PROBLEM DETAILS: Copy the records below exactly as they stand. Leave out the pictures.

EXTRACTED DATA:
——
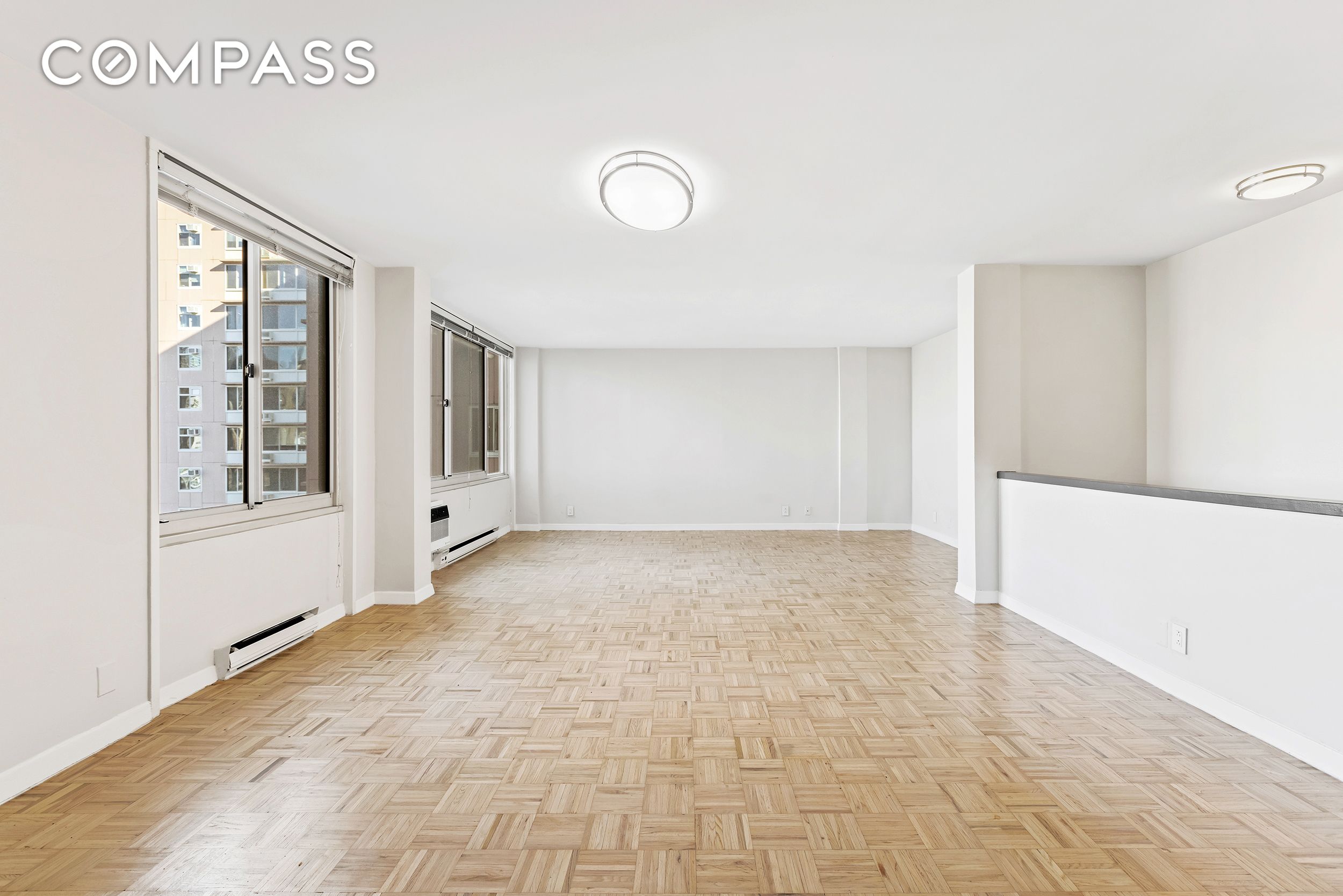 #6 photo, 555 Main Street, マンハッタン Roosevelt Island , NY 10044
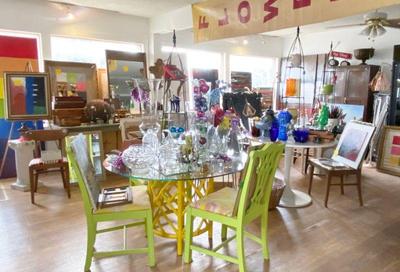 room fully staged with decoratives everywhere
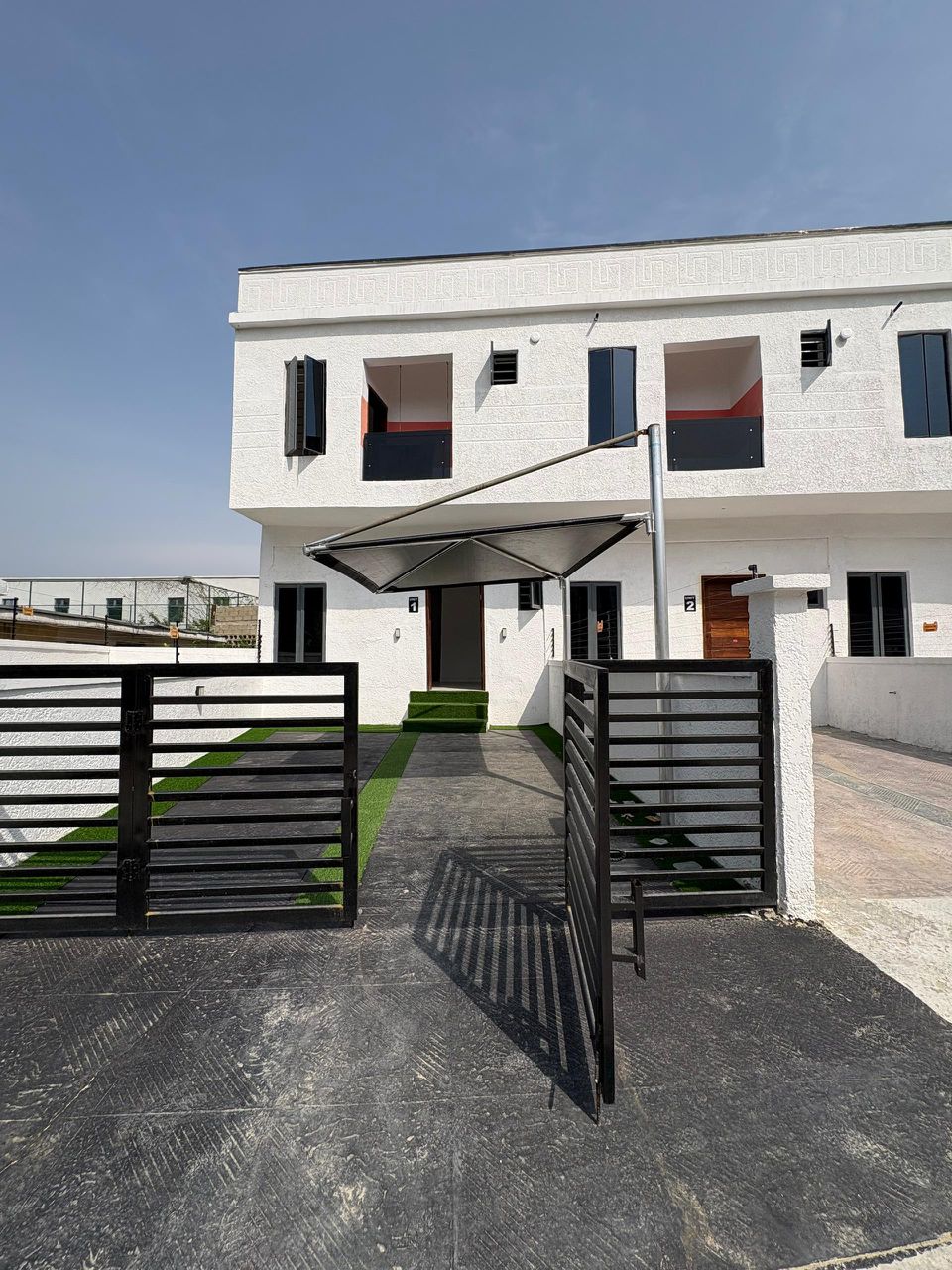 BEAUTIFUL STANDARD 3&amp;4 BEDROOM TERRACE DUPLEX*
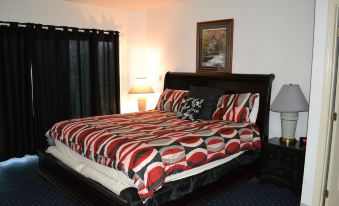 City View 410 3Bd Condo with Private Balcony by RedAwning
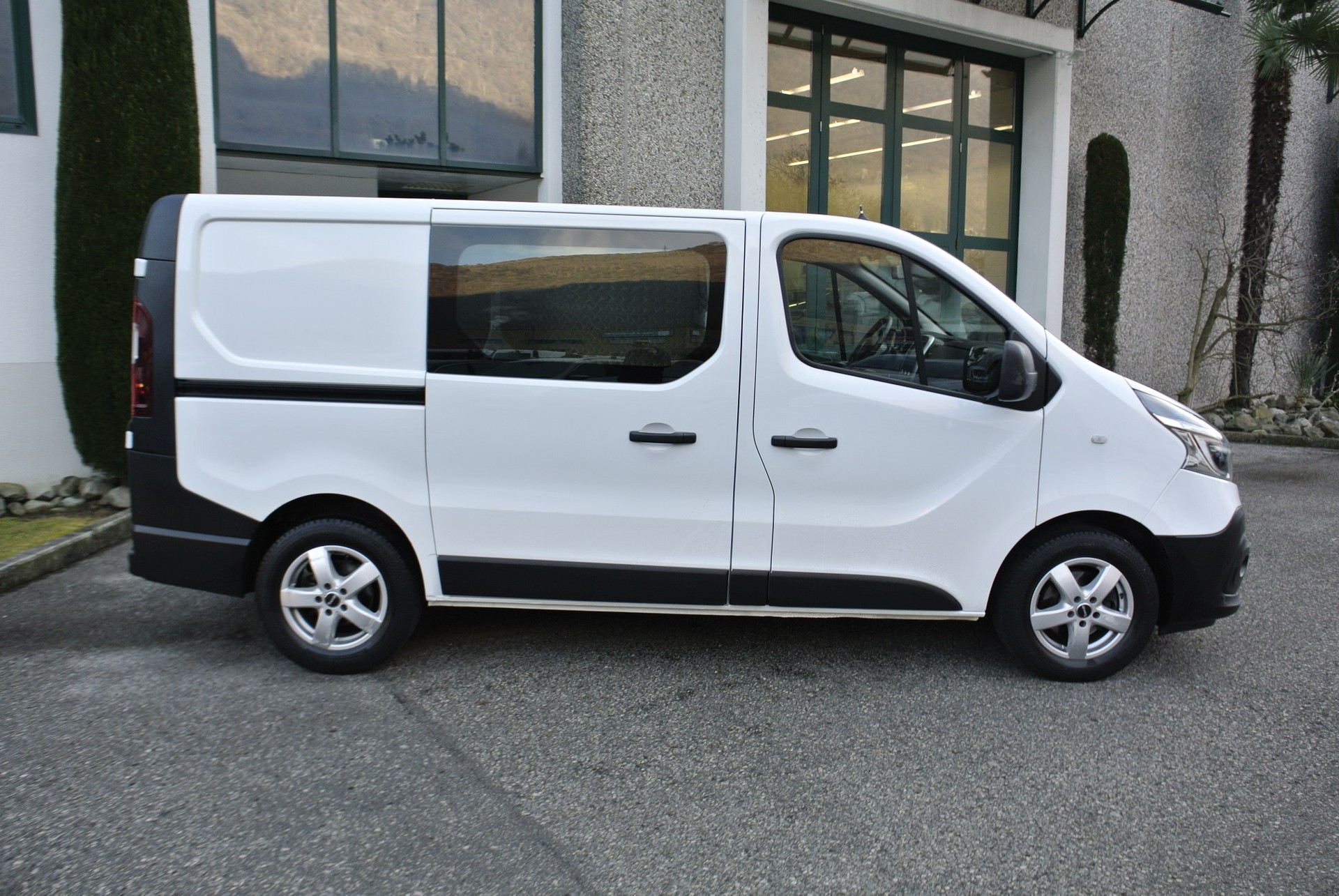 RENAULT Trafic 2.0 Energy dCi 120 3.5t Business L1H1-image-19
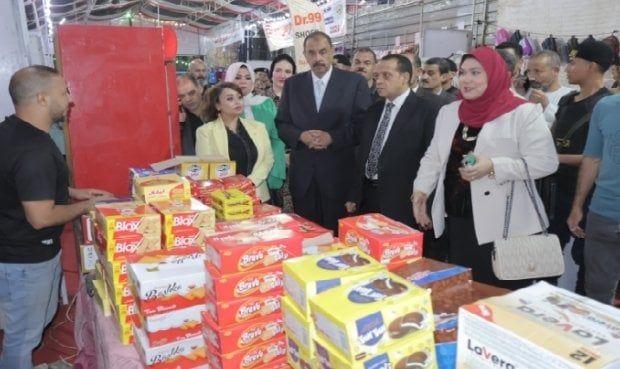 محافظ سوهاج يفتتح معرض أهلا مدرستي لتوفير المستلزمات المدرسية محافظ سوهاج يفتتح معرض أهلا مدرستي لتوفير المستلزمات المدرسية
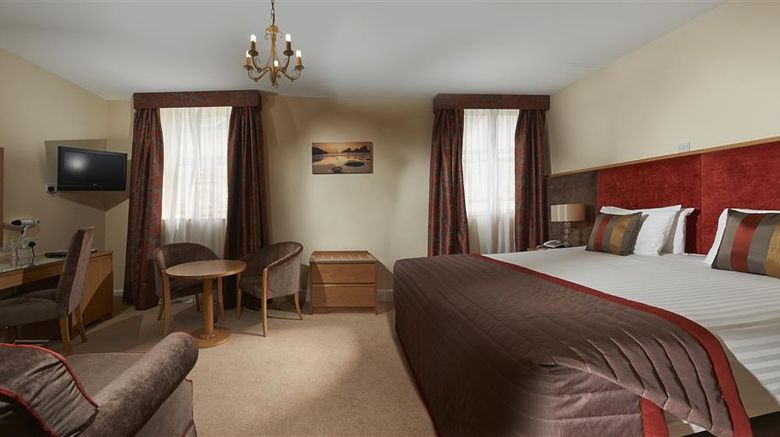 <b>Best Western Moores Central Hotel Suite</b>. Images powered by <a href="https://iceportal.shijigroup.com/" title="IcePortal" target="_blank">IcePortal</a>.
——
EXERCISE ANSWER:
 #6 photo, 555 Main Street, マンハッタン Roosevelt Island , NY 10044
 room fully staged with decoratives everywhere
 BEAUTIFUL STANDARD 3&amp;4 BEDROOM TERRACE DUPLEX*
 City View 410 3Bd Condo with Private Balcony by RedAwning
 RENAULT Trafic 2.0 Energy dCi 120 3.5t Business L1H1-image-19
 محافظ سوهاج يفتتح معرض أهلا مدرستي لتوفير المستلزمات المدرسية محافظ سوهاج يفتتح معرض أهلا مدرستي لتوفير المستلزمات المدرسية
 <b>Best Western Moores Central Hotel Suite</b>. Images powered by <a href="https://iceportal.shijigroup.com/" title="IcePortal" target="_blank">IcePortal</a>.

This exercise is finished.